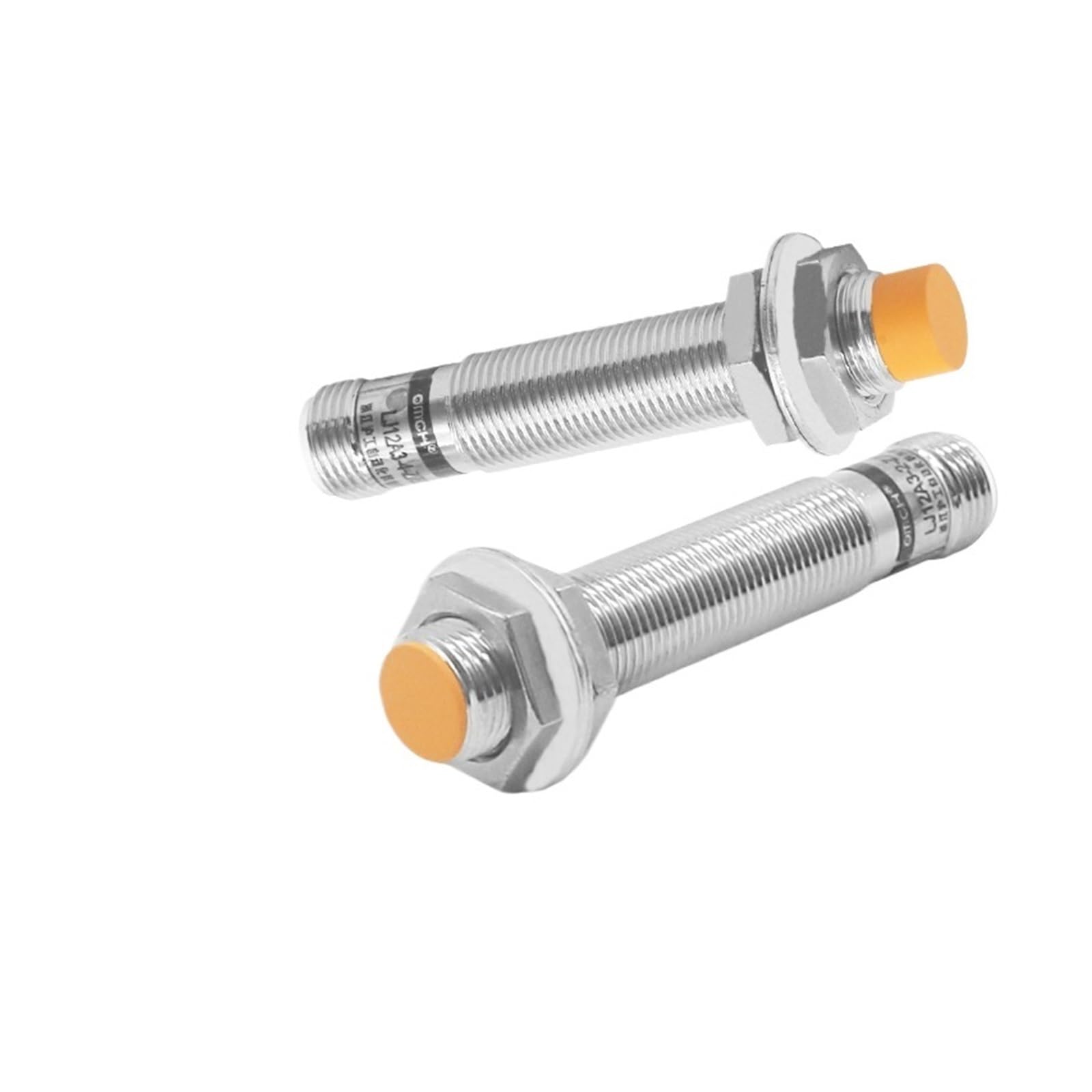 Capteur de proximité inductif M12 LJ12A3 NPN et PNP DC 10-30V cylindrique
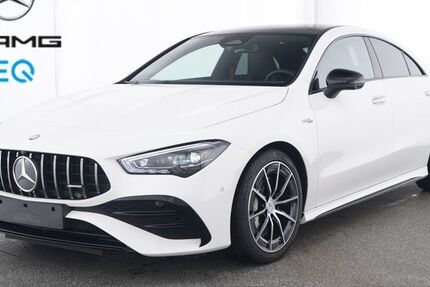 Mercedes-Benz CLA 35 AMG 8.275 km 51.880 &euro; Schwelm 58332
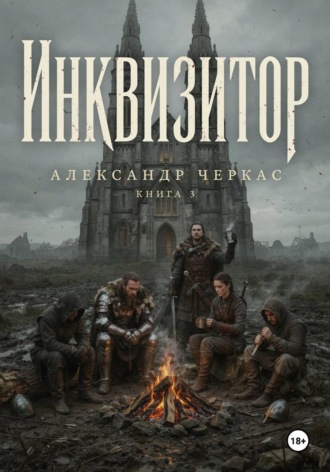 Инквизитор. Александр Васильевич Черкас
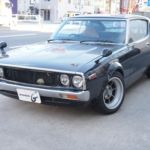 S51 KGC110改 スカイライン GT-X ケンメリ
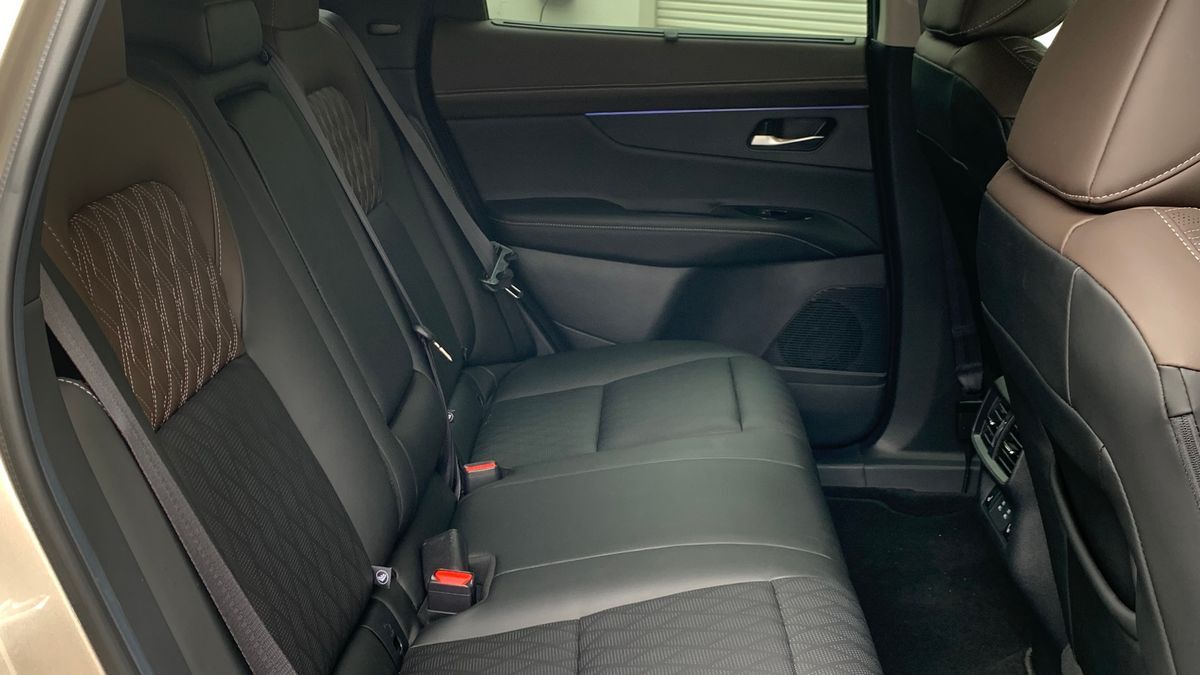 2025 Nissan Murano Platinum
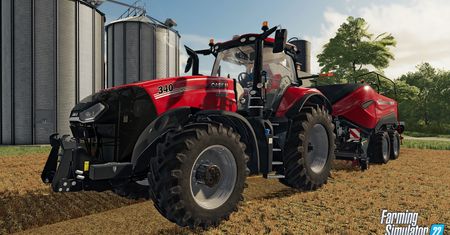 Aktualizacja Farming Simulator 22. Nowe tryby wieloosobowe już dostępne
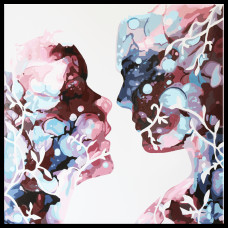 Металлокерамический дизайн-обогреватель UDEN-500К "Гравітація" Металлокерамический дизайн-обогреватель UDEN-500К "Гравітація"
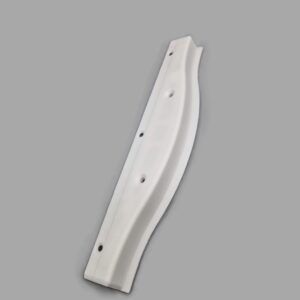 VW T2 Sliding Door Guide Cover (241877375)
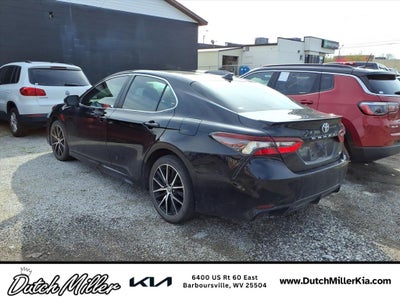 2023 Toyota Camry SE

☆ ☆ ☆

> _Task item_: Transcribe each of the records above precisely, with no pictures in the copy.

> _Answer box_:
 Capteur de proximité inductif M12 LJ12A3 NPN et PNP DC 10-30V cylindrique
 Mercedes-Benz CLA 35 AMG 8.275 km 51.880 &euro; Schwelm 58332
 Инквизитор. Александр Васильевич Черкас
 S51 KGC110改 スカイライン GT-X ケンメリ
 2025 Nissan Murano Platinum
 Aktualizacja Farming Simulator 22. Nowe tryby wieloosobowe już dostępne
 Металлокерамический дизайн-обогреватель UDEN-500К "Гравітація" Металлокерамический дизайн-обогреватель UDEN-500К "Гравітація"
 VW T2 Sliding Door Guide Cover (241877375)
 2023 Toyota Camry SE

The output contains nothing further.